Friday, September 16, 2011

NFLX bull put spreads options got hammered yesterday

Recently I came across with an option trading strategy named "Vertical Bull and Bear Credit Spreads". The credit spreads would look like this.: I would start with a position in buying and selling the same underline equity options with two different strike prices and same expiration date. By doing this, I created the spread positions. The positions would be either Call or Put but both would be on the same side.  If the price I receive on the sell option is more than the cost that I pay for the buy option, I immediately receive credit in my account. I would profit from this credit if both options expire after the expiration date. This is one of the method I just learned in using options to generate steady income.
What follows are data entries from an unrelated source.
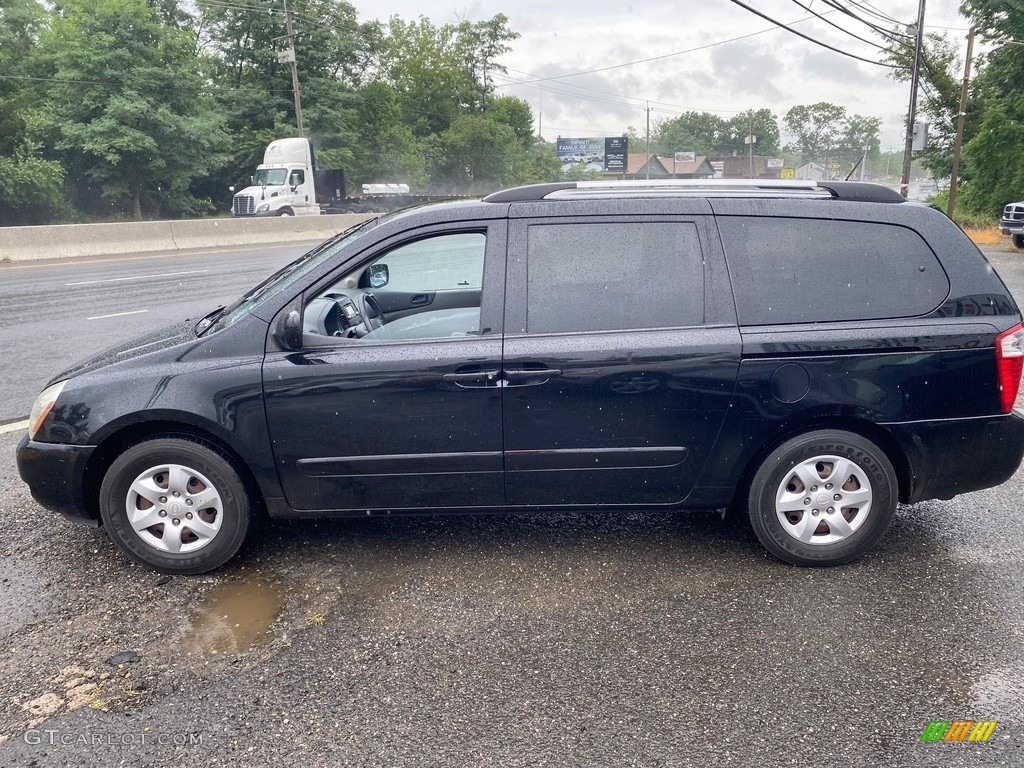 2009 Sedona LX - Midnight Black / Gray photo #7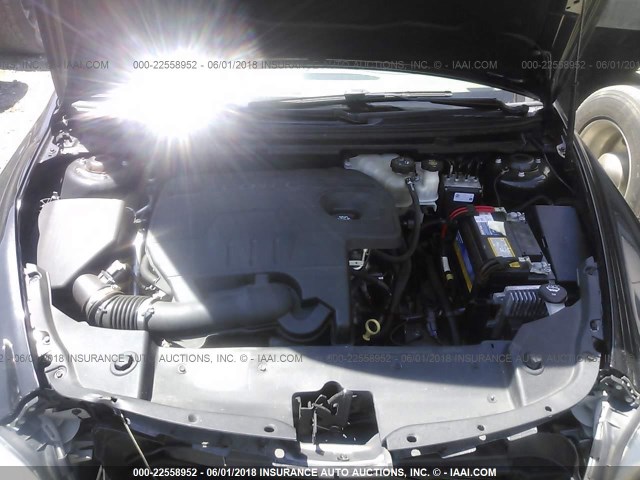 1G1ZB5E01CF153746 - 2012 CHEVROLET MALIBU LS GRAY photo 10
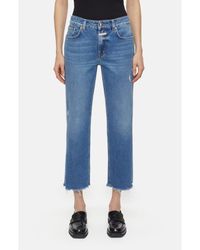Closed - Milo Slim Fit Crop Straight Leg Jeans - Lyst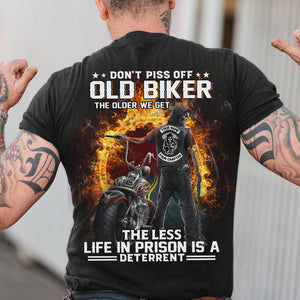 Don't Piss Off Old Biker Personalized Biker Shirt, Gift For Biker - Shirts - GoDuckee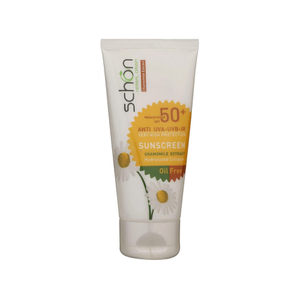 کرم ضد آفتاب رنگ طبیعی SPF50 شون مناسب پوست چرب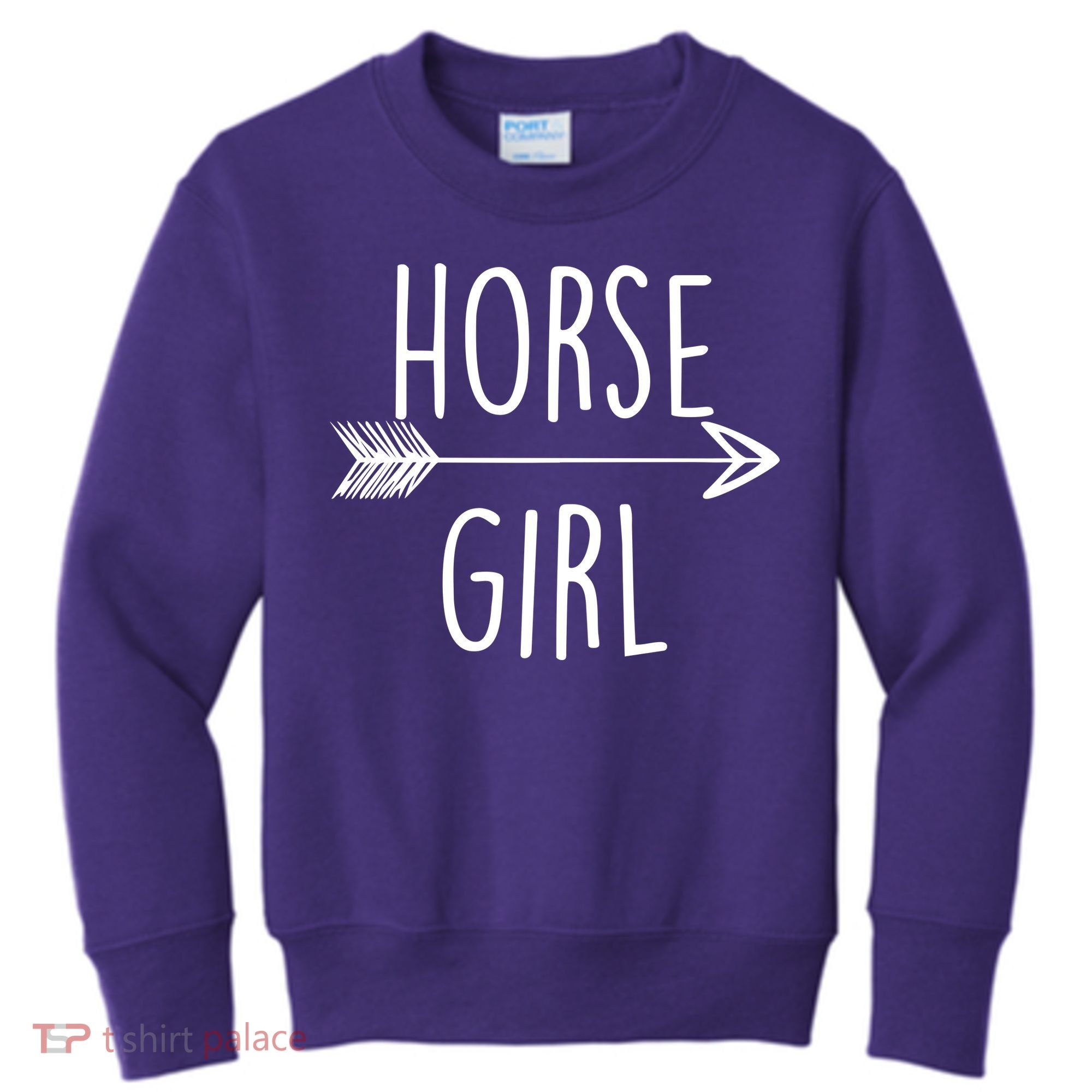 Horse Girl Kids Sweatshirt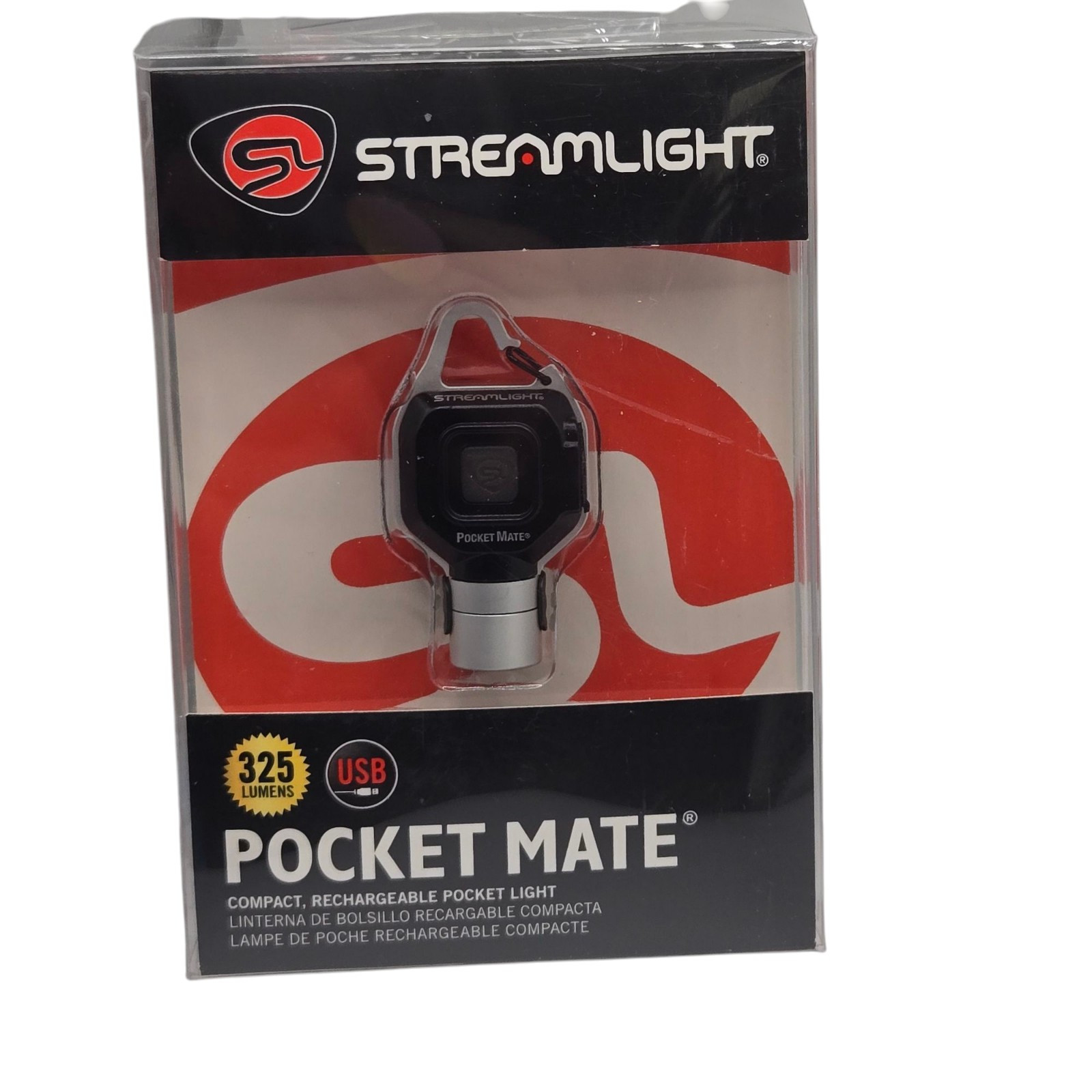 Streamlite Pocketmate 325 Lumen USB Rechargeable Compact Pocket Light  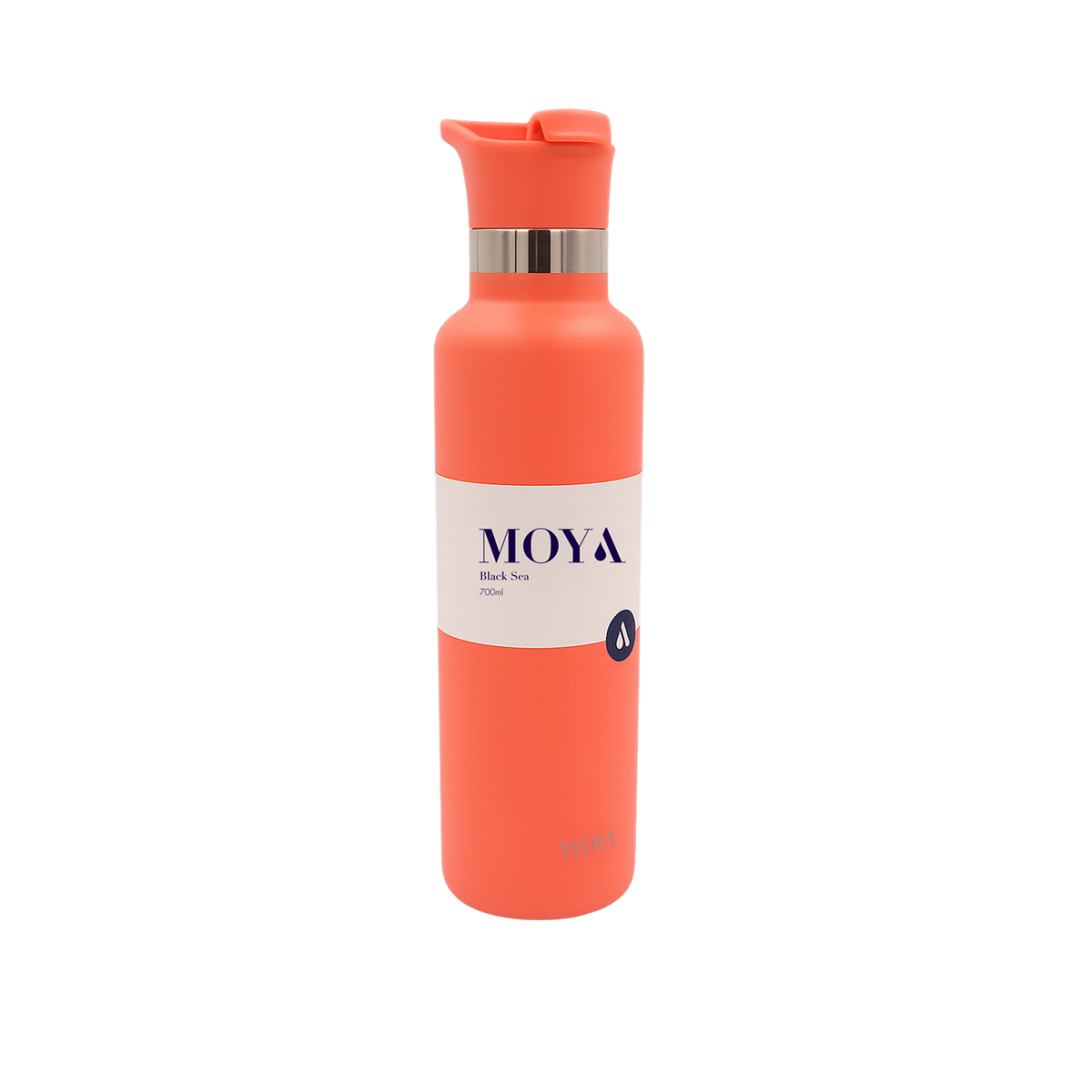 Black Sea 700ml Stainless Steel Water Bottles Spout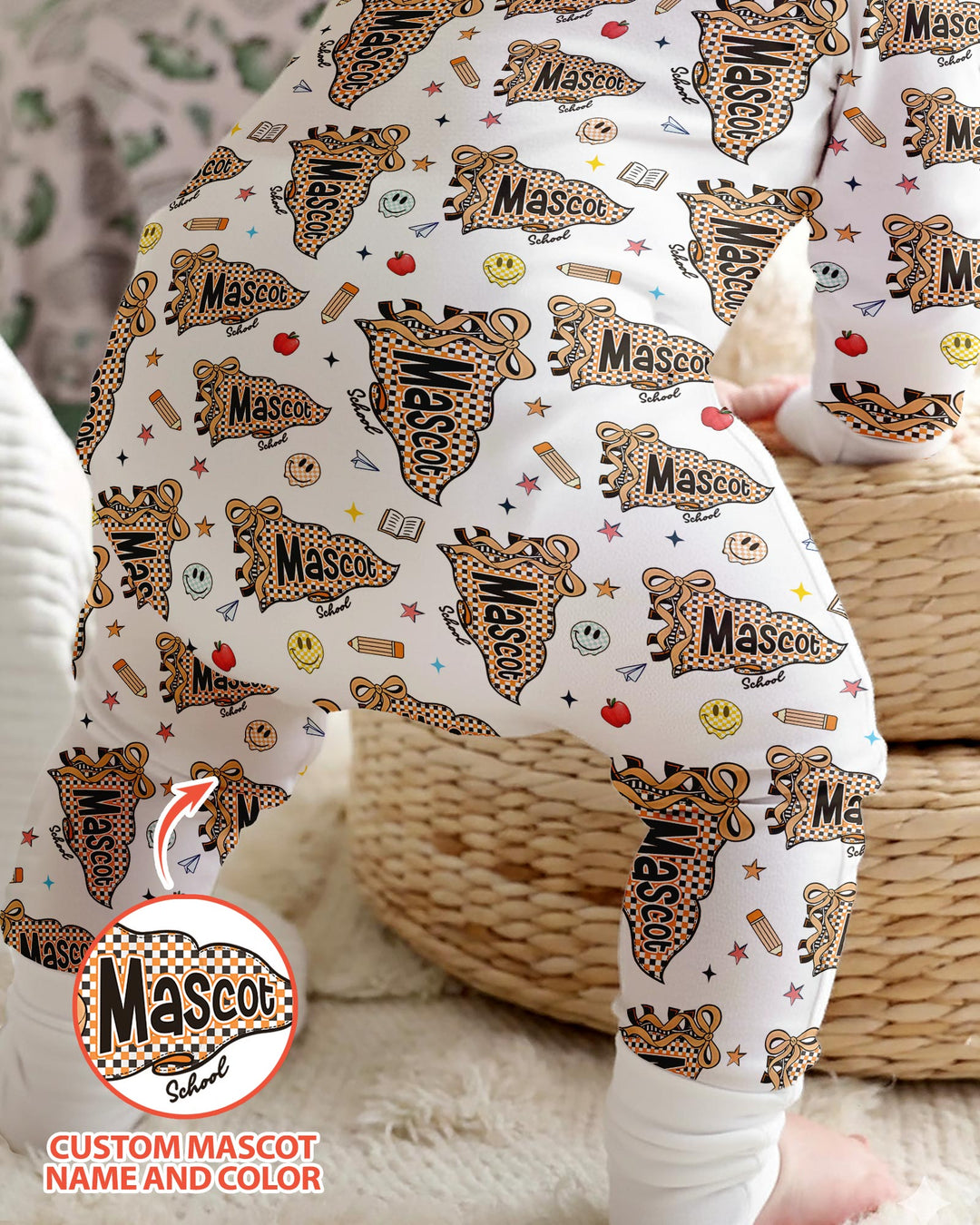 Custom Mascot School Name Bamboo Convertible Zippy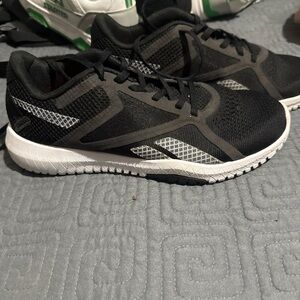 Reebok Black and White Athletic Shoes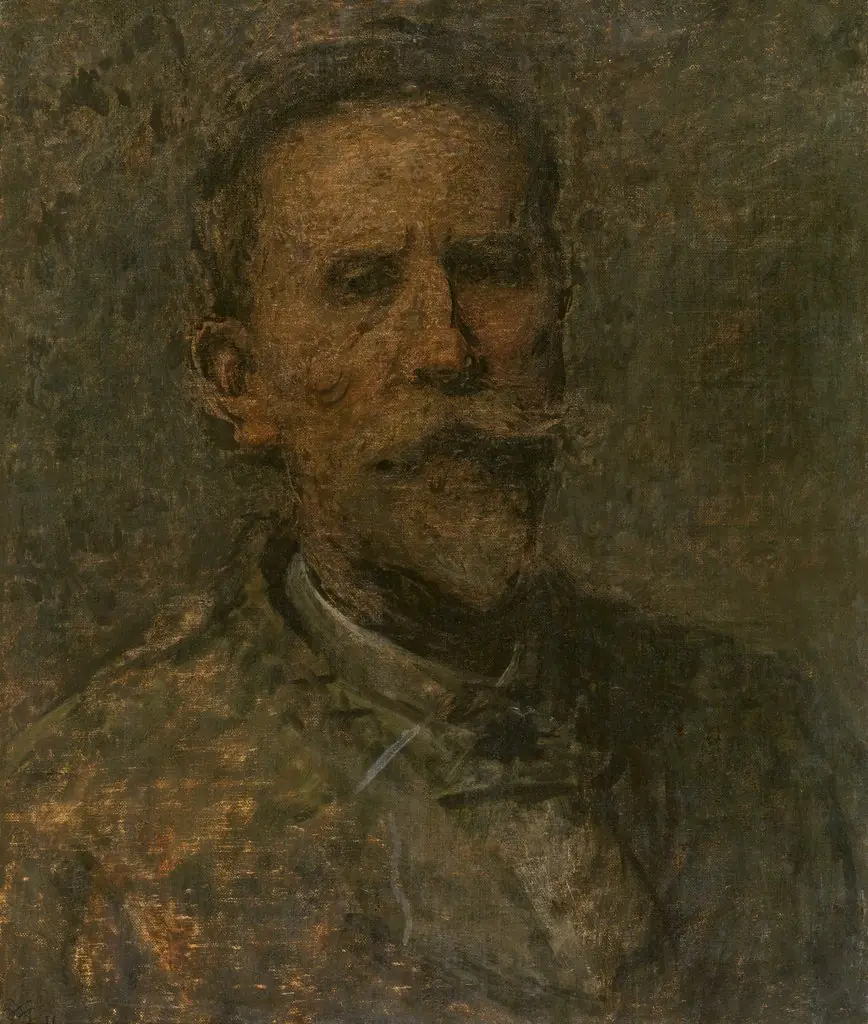 Self Portrait, by Xavier Mellery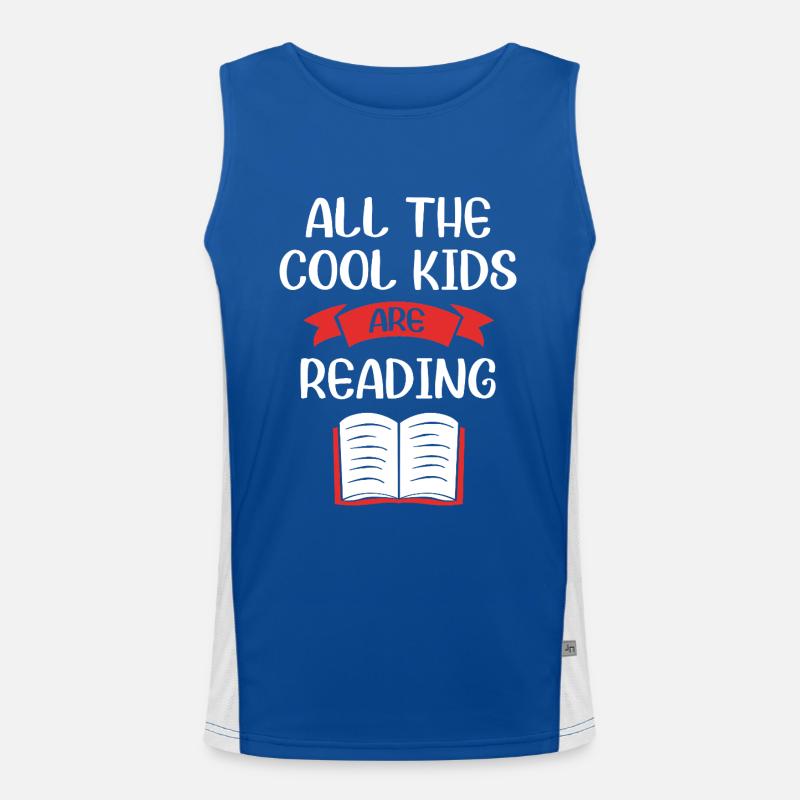 Bookworm Reading Enseignant d’école primaire Débardeur respirant contrasté Homme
I picked up a few stocks such as AMZN, APPL, IBM and NFLX last Friday and paper traded with the Bull Put Spreads hoping the general markets would go up this week. (Bull Put Spreads: Sell a put with near closing striking price and buy a put with lower striking price and receive credits from the difference in prices from these two options).

Everything was going well towards the market open yesterday. Howerver, the positions I established on 9/9 for NFLX was to Sell 10 Puts NFLX 175 at $.66 expires on 9/16, then I bought 10 Puts NFLX 170 at .45 expires on the same date. The stock was trading at $208.53 at the time and I received a credit of $0.21 which was equivalent of $210 ($0.21 x 1000 shares) before commission. I had about 16% cushion on this (208 - 175)/208 = 16% and I thought I would be fine with 1 week left that it will expire on 9/16 (today). Sure enough NFLX was down about $33 before the market open with "bad bad news" yesterday and continued trading in that range during the day and closed at $169.25. So basically I would lose the $5 delta per share in this spreads position if the closing price of NFLX remained under $170 today. It would translate to a $5000 lost ($5 x 10000) . By trying to make $210 and lose $5000 - $210 = $4790, this is a risky business. Well, fortunately this was still a paper trade and I will continue to study more in this area.